Il tribunale di Viterbo 

Viterbo – (f.b.) – Lui è un facoltoso imprenditore viterbese, lei un’impiegata di banca. I due si conoscono da molti anni, ma quella che per il primo era niente più di una sincera amicizia, per la donna era diventata qualcos’altro. Un’infatuazione, che col tempo si è trasformata in una vera e propria ossessione.

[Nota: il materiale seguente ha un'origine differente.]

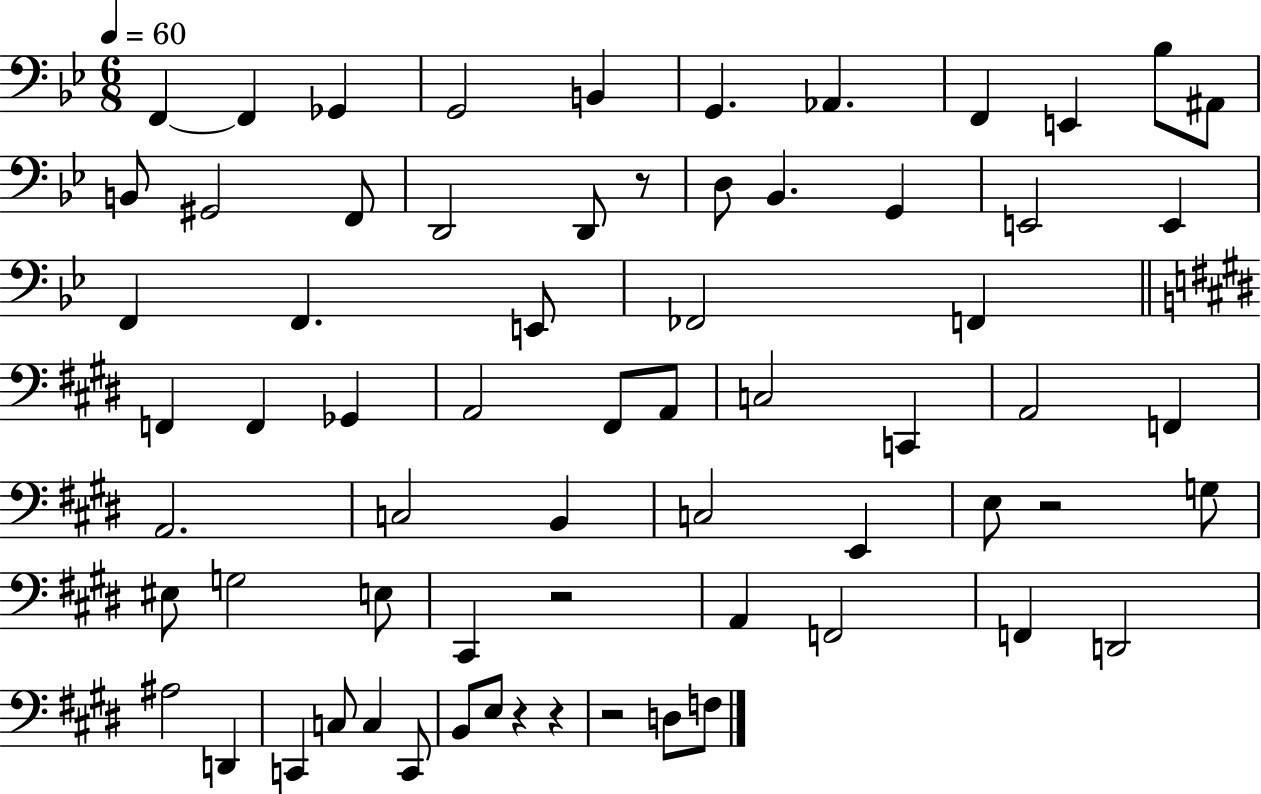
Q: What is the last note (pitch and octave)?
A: F3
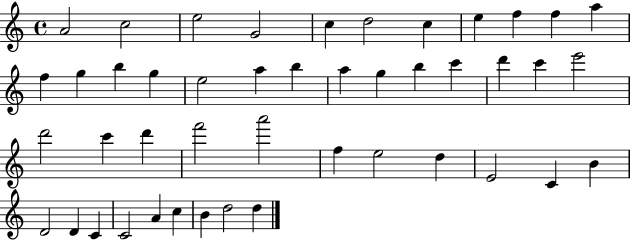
A4/h C5/h E5/h G4/h C5/q D5/h C5/q E5/q F5/q F5/q A5/q F5/q G5/q B5/q G5/q E5/h A5/q B5/q A5/q G5/q B5/q C6/q D6/q C6/q E6/h D6/h C6/q D6/q F6/h A6/h F5/q E5/h D5/q E4/h C4/q B4/q D4/h D4/q C4/q C4/h A4/q C5/q B4/q D5/h D5/q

Al punto che lui, 45enne di Viterbo, si è visto costretto a sporgere denuncia per stalking tramite il suo avvocato Emanuele Barbacci.

Secondo la ricostruzione, infatti, la signora, più o meno coetanea della sua “vittima”, avrebbe tentato in ogni modo di sedurlo pensando forse che l’uomo potesse ricambiare i suoi sentimenti. Lui, felicemente sposato e con figli, non voleva saperne, ma lei non si è data per vinta e ha insistito fino a trasformare la vita dell’imprenditore in un inferno.

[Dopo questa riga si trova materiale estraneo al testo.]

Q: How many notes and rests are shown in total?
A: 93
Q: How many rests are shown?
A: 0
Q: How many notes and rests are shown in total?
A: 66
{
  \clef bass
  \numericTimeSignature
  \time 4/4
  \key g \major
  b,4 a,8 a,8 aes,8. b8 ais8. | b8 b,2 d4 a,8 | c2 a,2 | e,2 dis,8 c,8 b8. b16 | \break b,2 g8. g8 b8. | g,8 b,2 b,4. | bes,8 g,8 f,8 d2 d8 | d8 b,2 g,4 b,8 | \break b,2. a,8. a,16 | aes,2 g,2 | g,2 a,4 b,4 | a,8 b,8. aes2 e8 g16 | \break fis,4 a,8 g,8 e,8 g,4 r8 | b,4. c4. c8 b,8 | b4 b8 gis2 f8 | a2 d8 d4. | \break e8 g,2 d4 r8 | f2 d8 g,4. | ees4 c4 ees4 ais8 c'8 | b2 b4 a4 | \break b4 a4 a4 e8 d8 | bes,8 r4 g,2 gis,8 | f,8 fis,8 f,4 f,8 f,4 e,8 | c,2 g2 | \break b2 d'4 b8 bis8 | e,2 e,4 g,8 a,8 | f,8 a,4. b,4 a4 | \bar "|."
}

Lo tartassava di telefonate ad ogni ora del giorno e della notte. In pochi mesi l’uomo ne avrebbe ricevute circa 640. E non soltanto lui. Perché la donna, fermamente convinta di poter riuscire a conquistarlo, avrebbe preso di mira la moglie di lui, aggredendola verbalmente con insulti e minacce.

Altre volte, pur di far notare la sua continua presenza, si sarebbe anche appostata fuori dalla scuola che frequentavano i figli della coppia.

Ma l’episodio più eclatante doveva ancora arrivare. Dopo settimane di pedinamenti, inseguimenti e insistenze verbali, la 40enne ha puntato tutto sulla seduzione.

Stando a quanto sostenuto dall’accusa, un bel giorno si sarebbe presentata nell’impresa di cui l’uomo è titolare e dopo l’ennesimo tentativo di convincerlo a darle attenzioni le si è completamente spogliata di fronte.

Questa è stata la goccia che ha fatto traboccare il vaso e che ha convinto l’imprenditore a portarla dritta in tribunale per cercare di mettere fine a quei comportamenti che gli stavano rendendo la vita impossibile.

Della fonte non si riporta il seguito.